The workshop was motivated by the high volatility of the business ecosystems in recent years, which was unexpected and caught society and economy unprepared. Both on the human resources side and in the material logistics, there were unforeseen bottlenecks. The market situation was determined by the insufficient availability of resources and not by the demand. As a result, there was a wave of short-term oriented management reactions that were not sustainable in the medium and long term and thus laid the foundation for the next wave of challenges.

Against this background, it became clear that the business ecosystems need to become more resilient, i.e., able to withstand shocks and adapt quickly to dramatically changed situations. Resilience can be achieved by increasing the ability to absorb shocks (e.g., through more redundancy, robustness, or agility) and by developing dynamic capabilities to adjust to changing needs (e.g., through creativity, adaptability, or flexibility).

Smart service systems are closely linked to the ability of dynamic adaptation. By their inherent design of tightly interconnected resources, smart service systems inherently contain the ability to dynamically realign and rewire existing resources to adapt to dynamically changing needs.

The workshop started with a discussion to gain a deeper understanding of resilience and sustainability in smart service systems. Then, the situations of the three participating companies were examined from this perspective in sub-groups and opportunities for new services were identified. Building on this, the moderation very smartly guided the development of common solution approaches that involve all three companies. As a result, joint project ideas are now available, which are to be further elaborated in a follow-up step towards implementation.

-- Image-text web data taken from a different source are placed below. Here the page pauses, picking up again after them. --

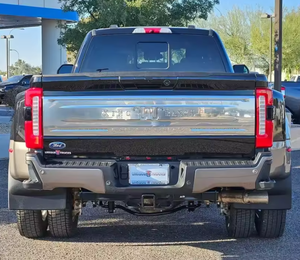 รถมือสอง ปี 2023 ฟอร์ด เอฟ-450 ซูเปอร์ดิวตี้ คิงแรนช์ ครูว์แค็บ ขับเคลื่อน 4 ล้อ ภายในสีเข้ม เบาะหนัง พวงมาลัยซ้าย/ขวา - Product Image 5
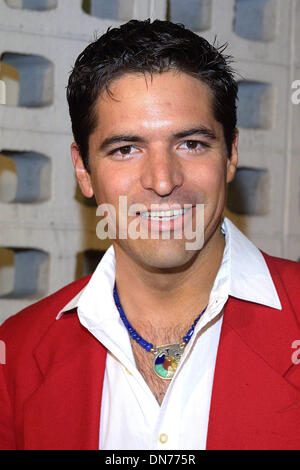 15 octobre 2002 - Hollywood, Californie, USA - GABRIEL RAMIREZ ..K26763TR ''REAL'' LES COURBES DES FEMMES DE CINERAMA DOME.PREMIERE, Hollywood, CA.OCT. 15, 2002. TOM RODRIGUEZ/ 2002 (Crédit Image : © Globe Photos/ZUMAPRESS.com) Banque D'Images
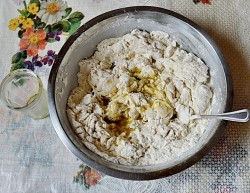 Мясная пицца с мясом и грибами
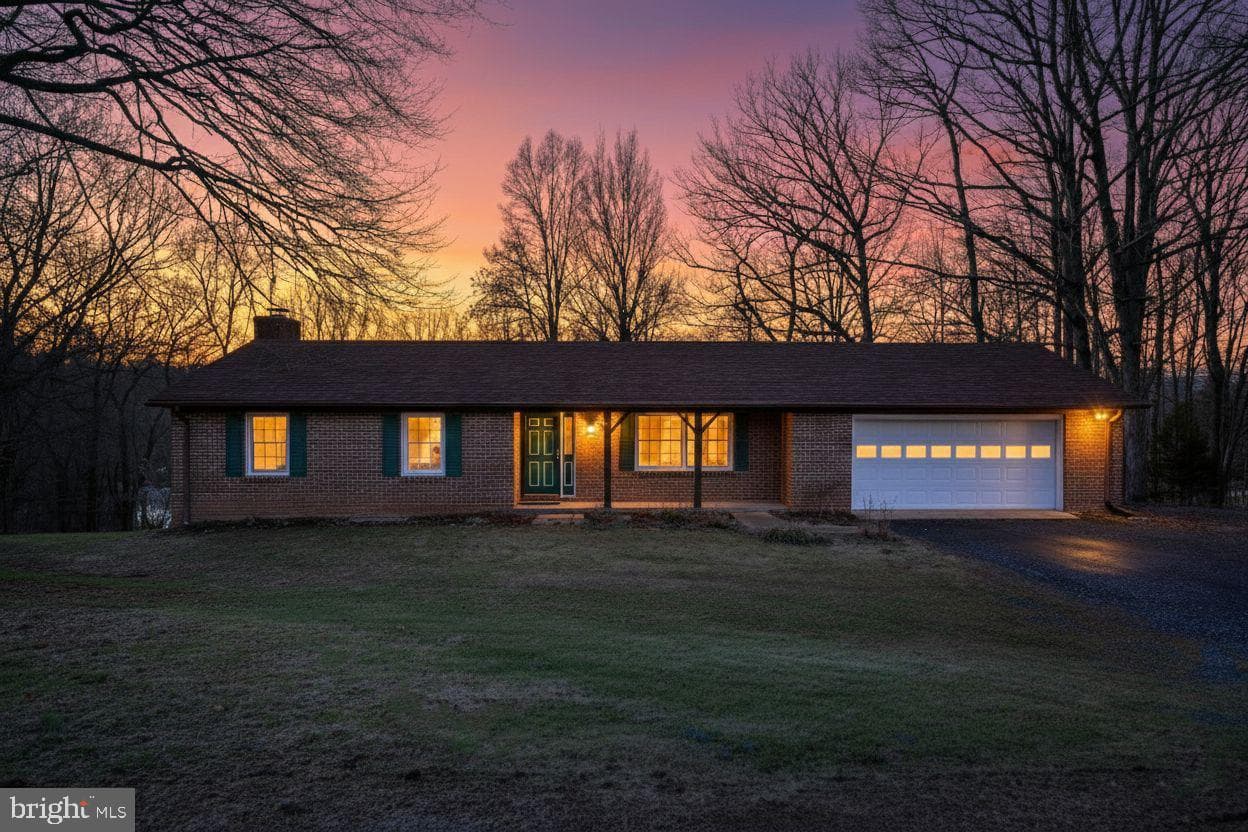 487 Skyline Forest Drive photo 2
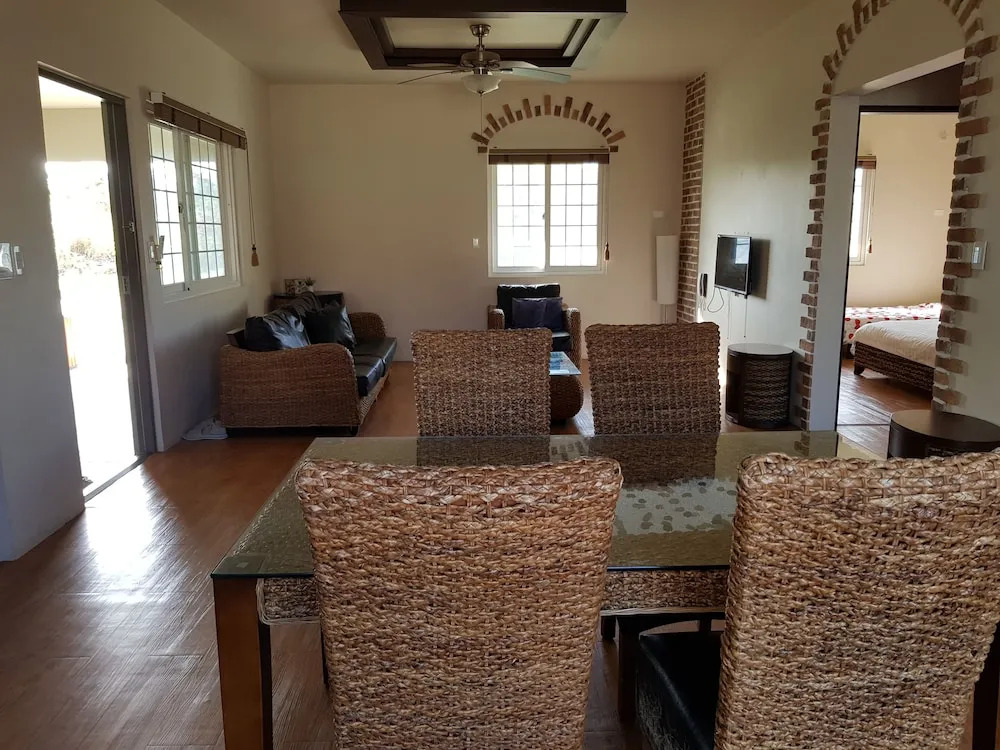 Karis Villa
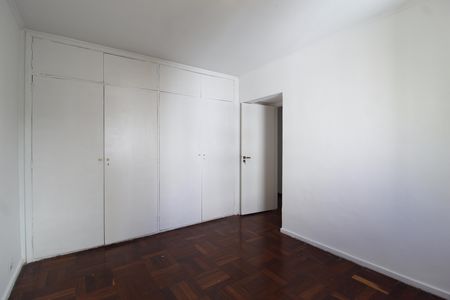 Apartamento para alugar com 126m², 3 quartos e 2 vagasQuarto 2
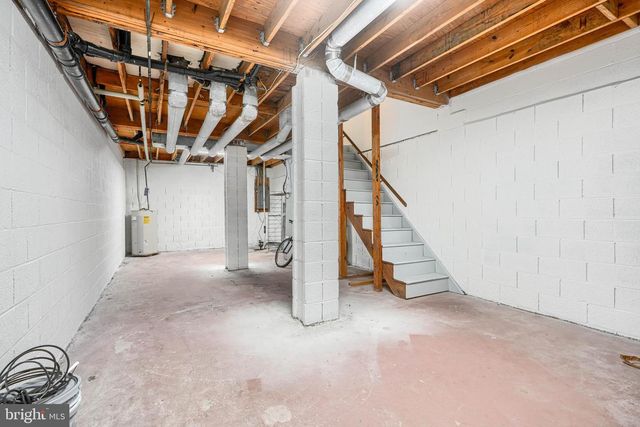 1057 W BARRE ST, Baltimore, MD 21230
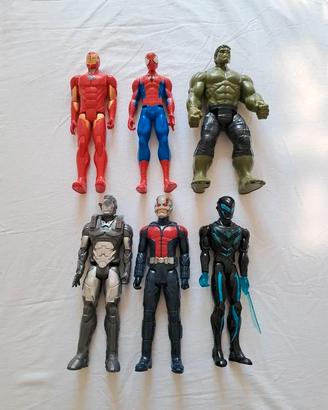 Lotto 6 Action Figure 30 cm • Marvel Titan Hero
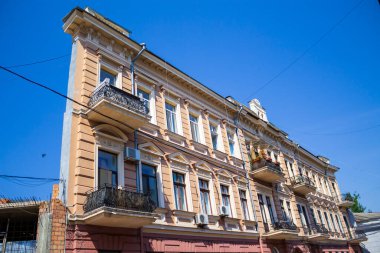 Düz ev, ya da tek duvarlı ev, Avrupa 'da popüler bir turizm merkezi.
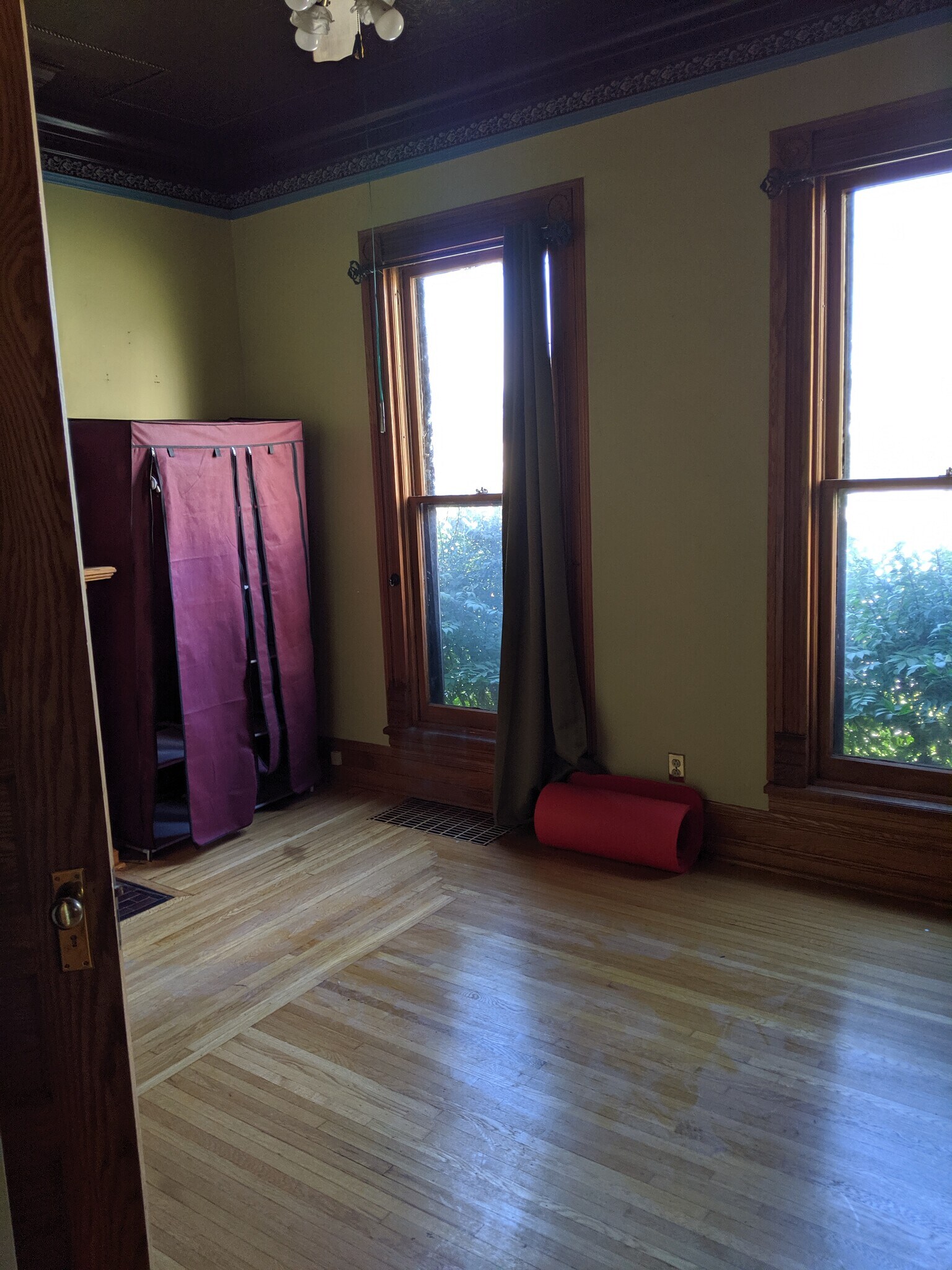 Study room - downstairs - 256 Bryant St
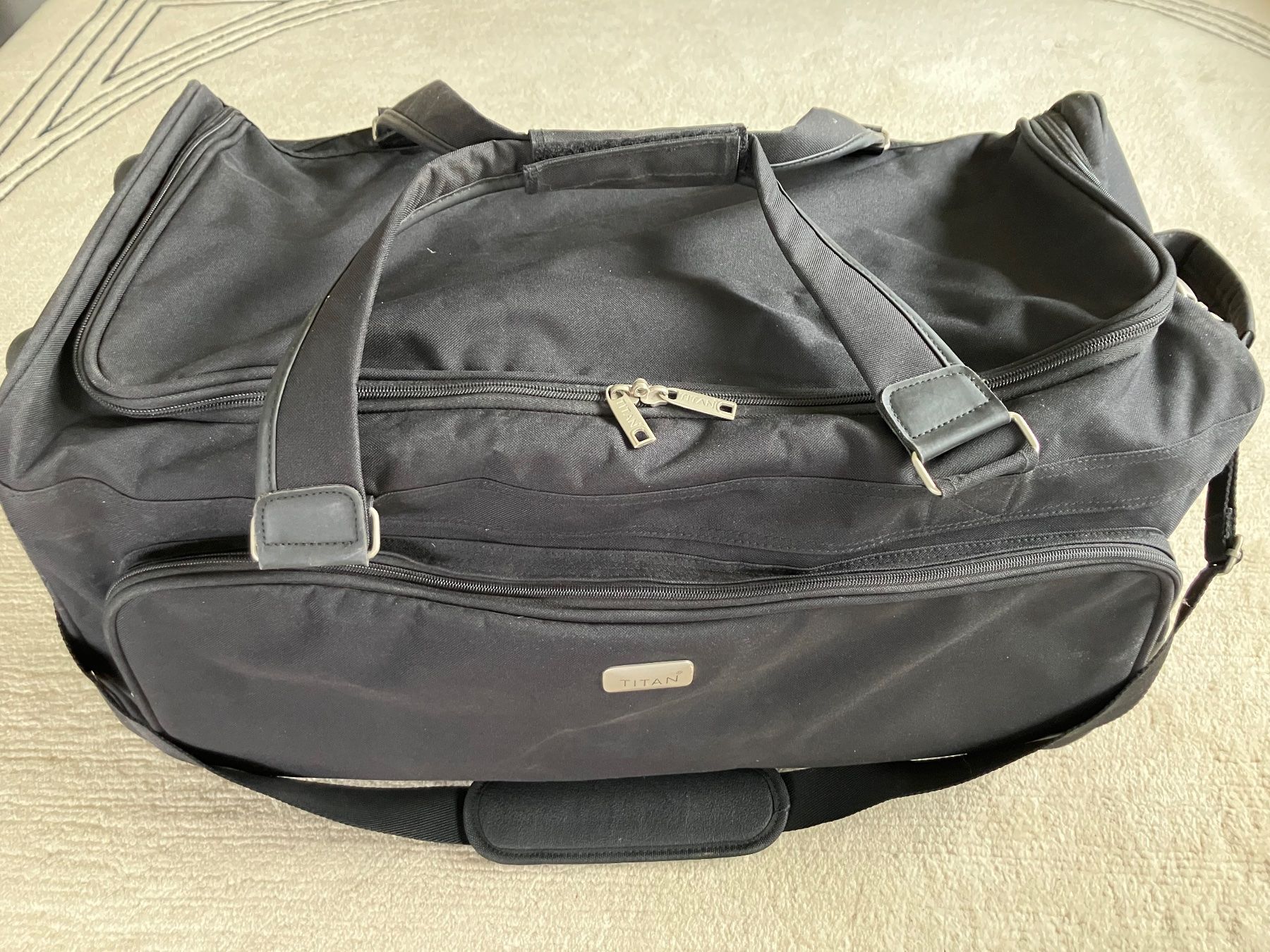 Borse: Reisetasche mit Rollen – Usato da Zürich venduto da wachtel38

The workshop groups had access to various design and prototyping tools and sources provided by the Mobiliar Forum. The groups had to present their results and recommendations repeatedly during the workshop.

The workshop was a great learning experience for all of us as we gained new insights into the topic of resilience and sustainability in smart service systems. We also enjoyed interacting with other participants from different backgrounds and perspectives. It became apparent that such workshops are very valuable for fostering collaboration and innovation among companies, researchers, and experts in Switzerland.

A big thank you goes to Sophie Bürgin for the excellent moderation, to Fabrizio Laneve for providing the beautiful and inspiring Mobiliar Forum infrastructure and to all participating company representatives for their spirited participation and co-creation.